Fig. 8. Different phenotypes generated by substituting either the class I catalytic Y, or the corresponding class IIa H residue. Activity assays on WT (dashed bars) and the corresponding mutant (filled bars) HDAC-FLAG (HDAC-F) proteins were performed on pepH4-AcK16 substrate. (A) Enzymatic activities of WT and Y298F-mutated HDAC3-F proteins. (B) Western blot analysis of the HDAC3-F immunocomplexes assayed in (A) by using anti-FLAG (HDAC3-F), or anti-Gal4 (GAL4-DAD) antibodies. Forty nanomolar WT and mutant HDAC3 were analyzed. (C) Enzymatic activities of WT and Y303H-mutated HDAC1-FLAG proteins. (D) Western blot analysis of the HDAC1-F immunocomplexes assayed in C by using anti-FLAG (HDAC1-F), anti-Sin3A, anti-MTA2, anti-CoREST, or anti-HDAC2 antibodies. One hundred nanomolar WT and mutant HDAC1 were analyzed. (E) Enzymatic activities of WT and H976F-mutated HDAC4-F proteins on pepH4-AcK16 substrate. The H976F mutation failed to impair HDAC4-associated activity also in the contest of an N-terminally flag-tagged enzyme and on different acetylated substrates, such as 3[H]-acetylated core histones or the commercial Fluor de Lys substrate (not shown). (F) Western blot analysis of the HDAC4-F immunocomplexes assayed in E by using anti-FLAG (HDAC4-F), anti-HDAC3, or anti-N-CoR antibodies. One hundred nanomolar WT and mutant HDAC4 were analyzed.

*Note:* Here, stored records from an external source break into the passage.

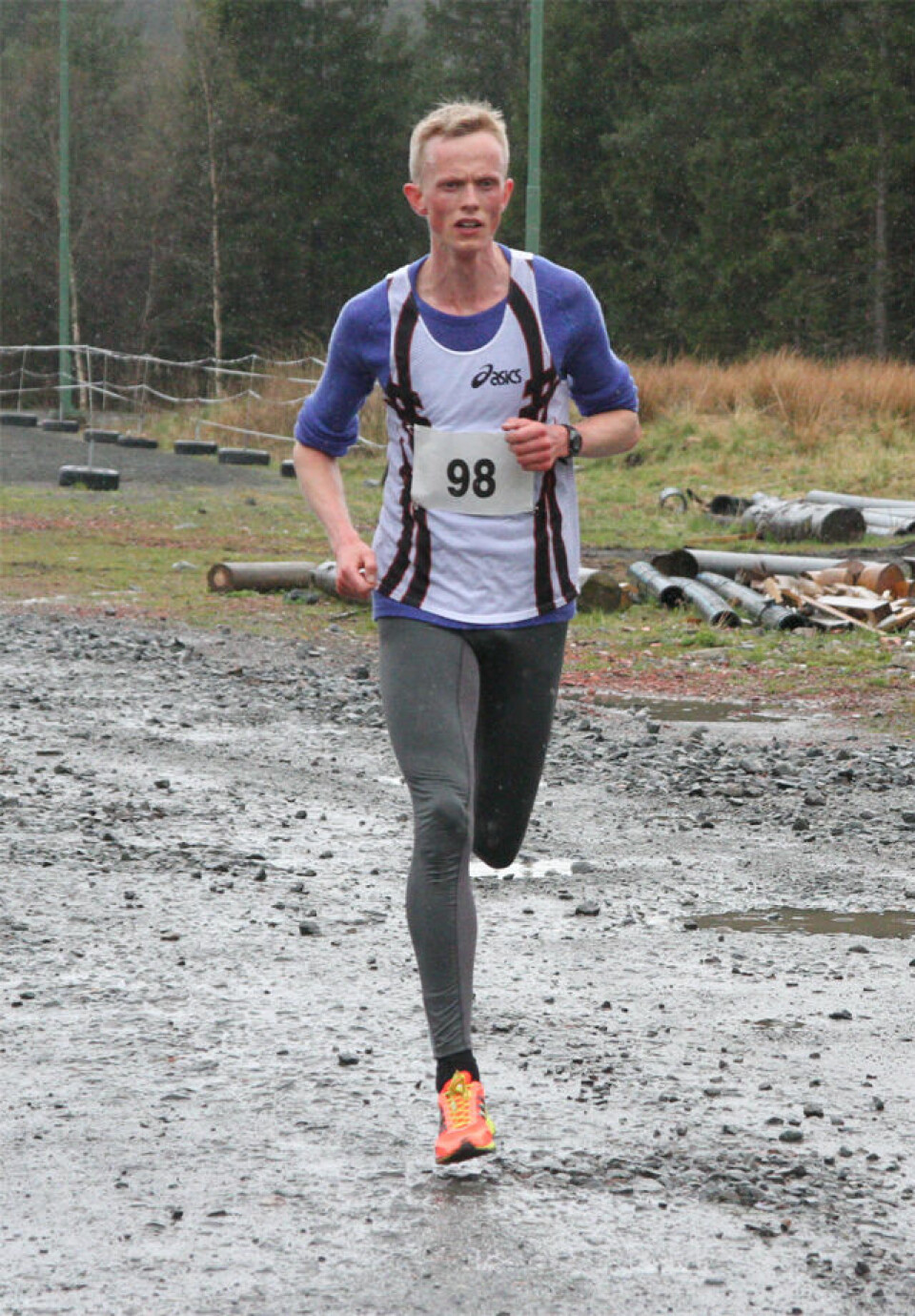 Lett regn over Hordnesskogen Rundt.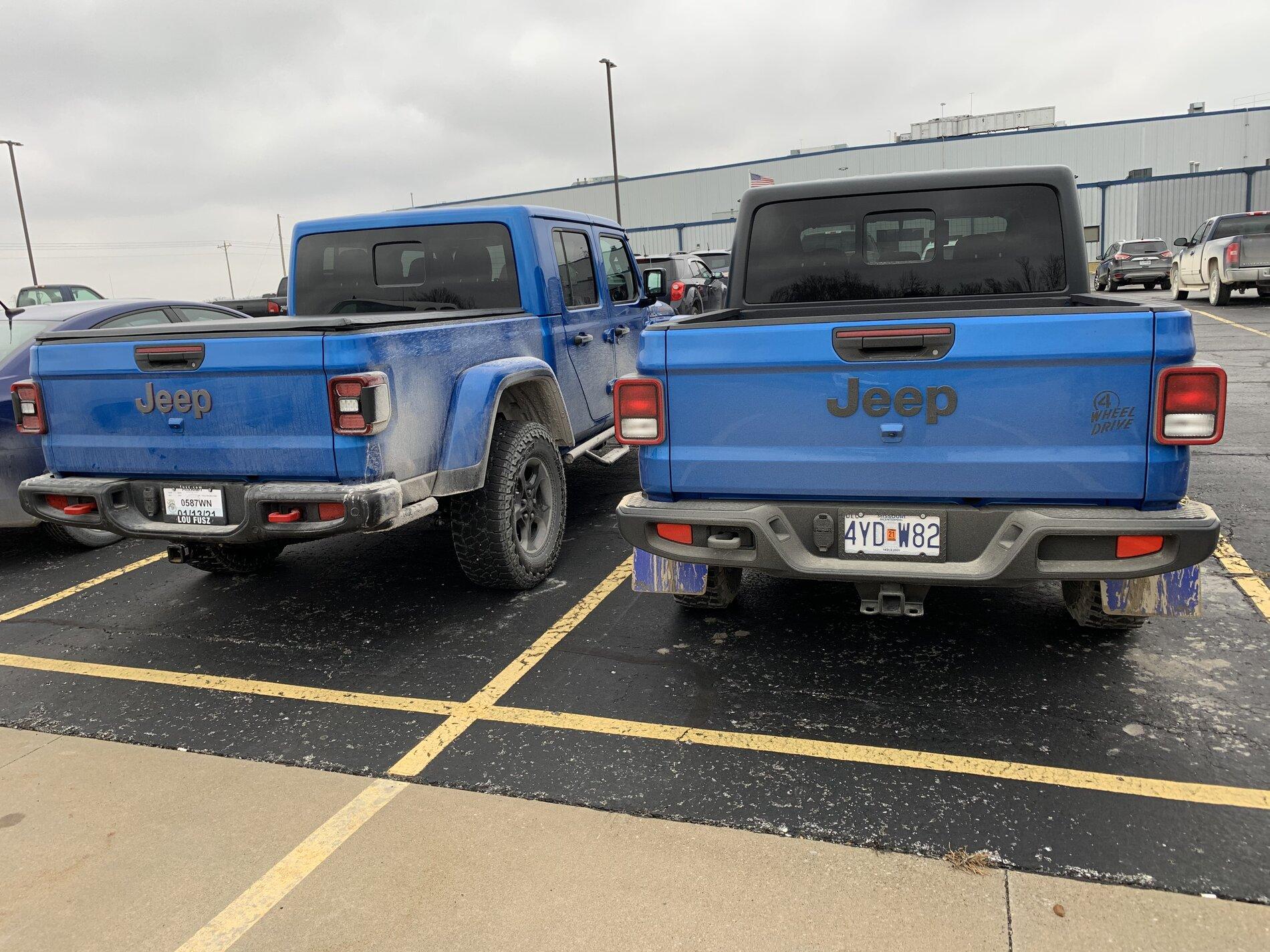 Jeep Gladiator HYDRO BLUE PEARL Gladiator JT Club IMG_2404 (3).JPG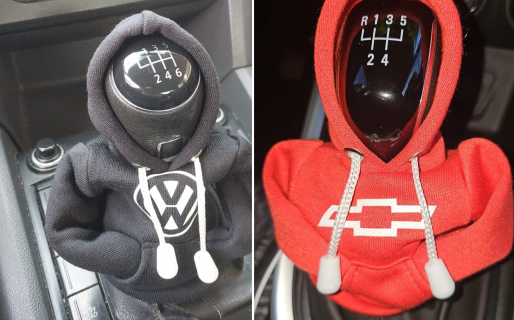 En Comodoro venden mini buzos para las palancas de cambio y son furor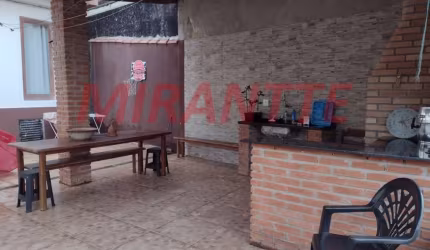 Sobrado de 220m² com 3 quartos em Serra Da Cantareira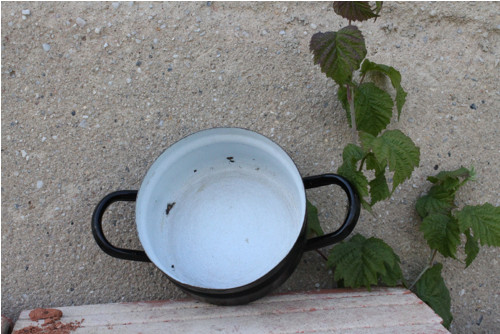 Černý smaltovaný kastrůlek 12 cm — foto 3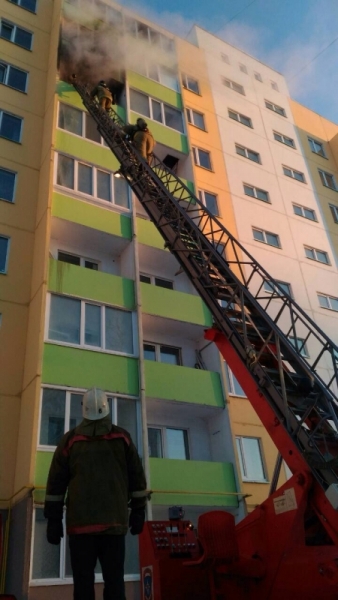 Из горящего дома в Ульяновске эвакуировали 6 человек. ФОТО, фото-2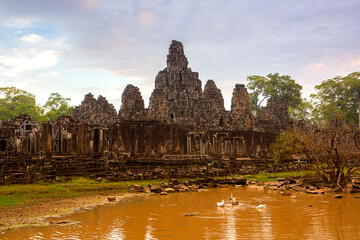 Fototapeta na wymiar Bayon Castle is a stone castle of the Khmer Empire. Located in the center of Angkor Thom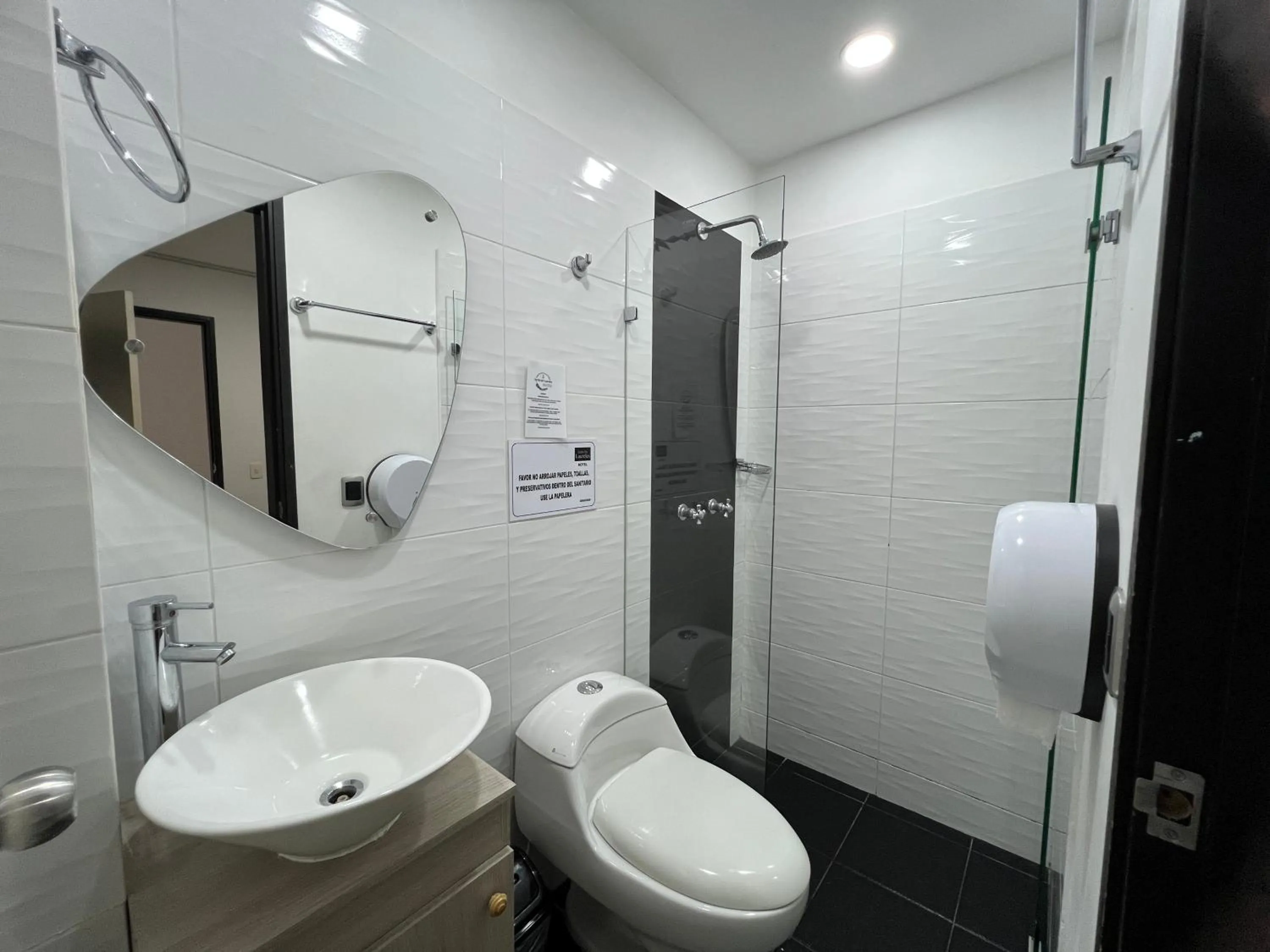 Bathroom in Hotel Jardin de Laureles Jeps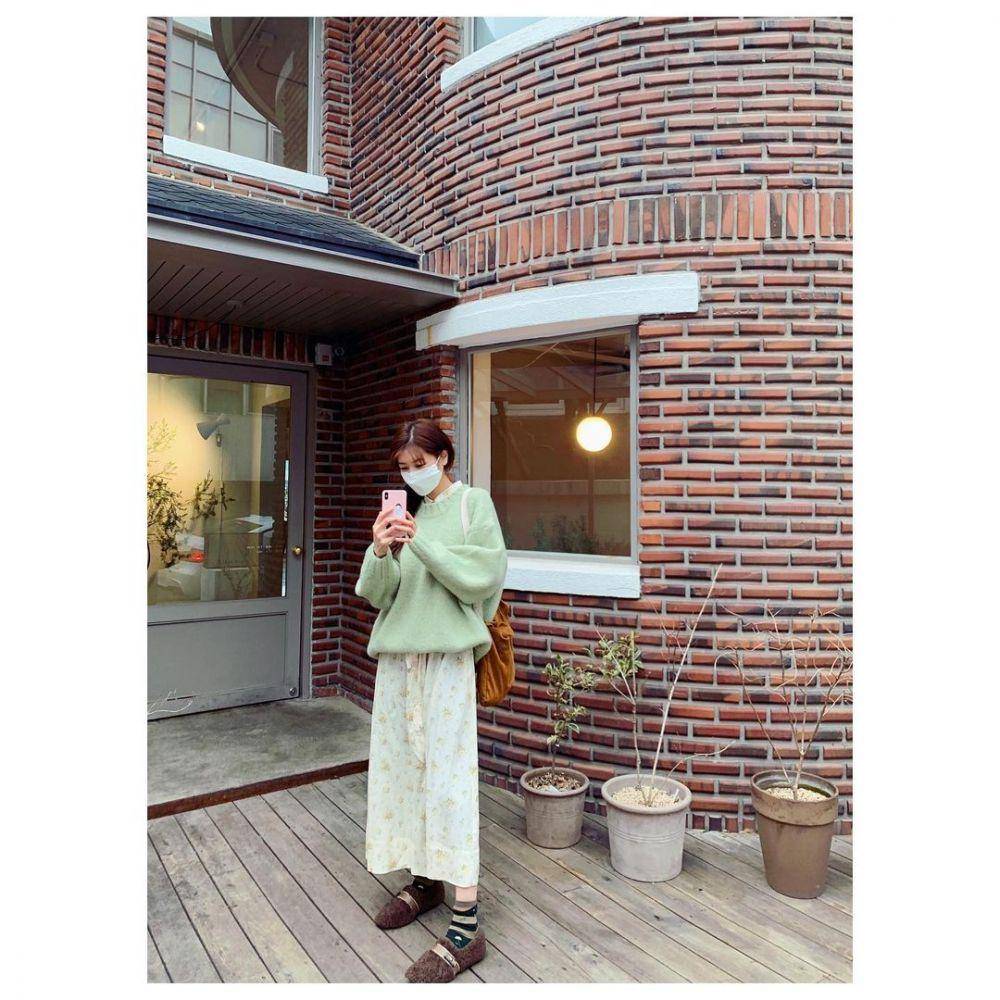 inspirasi outfit kasual ala Jung So Min (instagram.com/somin_jj)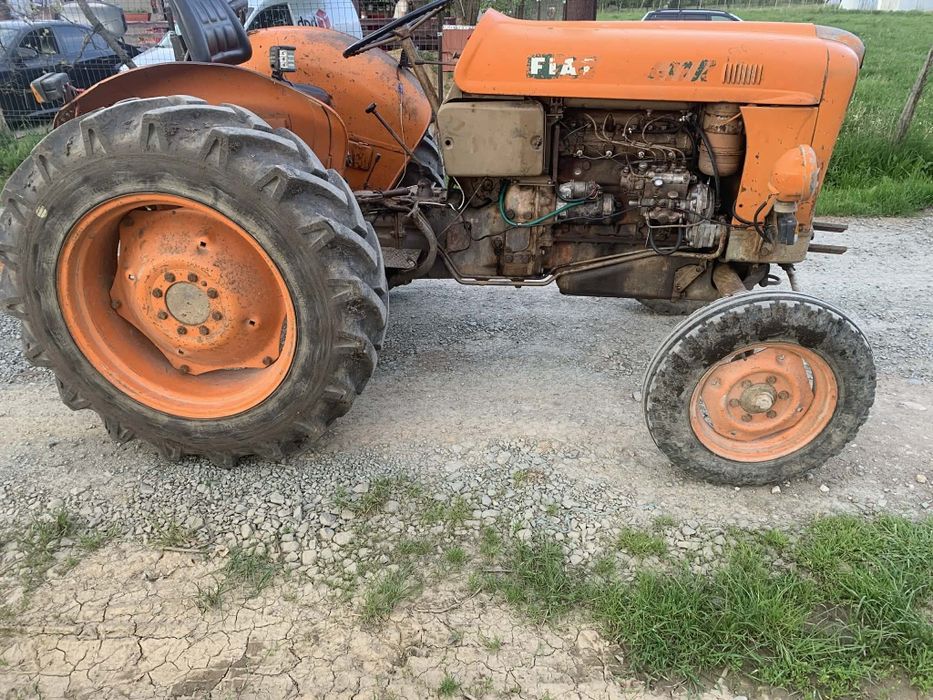 Vând tractor FIAT 411r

Fig. 9. HDAC compound-binding assays. (A) UV cross-linking of HDAC3-FLAG and HDAC6-FLAG (10 nM) to the LAQ824 or apicidin derivatives. Linkerized/biotinylated compounds were tested at concentrations of 40 and 60 nM (HDAC3), or 40, 60, and 90 nM (HDAC6), and covalently cross-linked HDACs were analyzed by SDS/PAGE followed by ExtrAvidin Western blot. (B and C) Competitive binding experiments on LAQ824-HDAC4-FLAG complexes by using a panel of well known histone deacetylase inhibitor (HDACi). (B) Pull-down of HDAC4-FLAG (0.2 mM) on biotinylated LAQ824 (5 mM)-coated beads after preincubation with 50 mM of the indicated HDACi. A representative SDS/PAGE gel loaded with input (I), unbound (U), and bound (B) fractions and stained with Coomassie blue is shown. (C) UV cross-linking of HDAC4-FLAG to the LAQ824 derivative (or to the negative control derivative lacking the HDACis moiety) after preincubation with 10-, 100-, or 1,000-fold excess of the indicated HDACi. Ten nanomolar enzyme was preincubated with the different HDACis at .4, 4, or 40 mM at room temperature (RT) for 15 min before adding 40 nM LAQ824 ligand. An inactive HDACi analog was also included to control nonspecific competition. The HDAC4-FLAG fraction covalently cross-linked to the LAQ824 derivative was analyzed by SDS/PAGE followed by ExtrAvidin Western blot. Open apicidin (Open apic.) structure-activity relationships are described in Jones et al. [Jones P, Altamura S, Chakravarty PK, Cecchetti O, De Francesco R, Gallinari P, Ingenito R, Meinke PT, Petrocchi A, Rowley M, Scarpelli R, Serafini S, Steinkühler C (2006) Bioorg Med Chem Lett 16:5948-5952.]
Fig. 10. HDAC4 has a significantly lower enzymatic activity than class I HDACs. (A) Enzymatic activity of the HDAC4 catalytic domain produced in E. coli (HDAC4-CD) using the commercial (Biomol) assay. An enzyme concentration of 2 mM was needed to measure significant activity levels. Deacetylation was evaluated in the absence or presence of 10 mM apicidin (inactive) or LAQ824 (active). (B) Dose-response activity curves of HDAC1-FLAG (HDAC1-F, dots) and HDAC3-FLAG (HDAC3-F, triangles) using the commercial Biomol assay are shown for comparison. Notably, 5 nM class I enzymes show activities 10-fold (HDAC1) or 5-fold (HDAC3) higher than that measured with 2 mM HDAC4-CD.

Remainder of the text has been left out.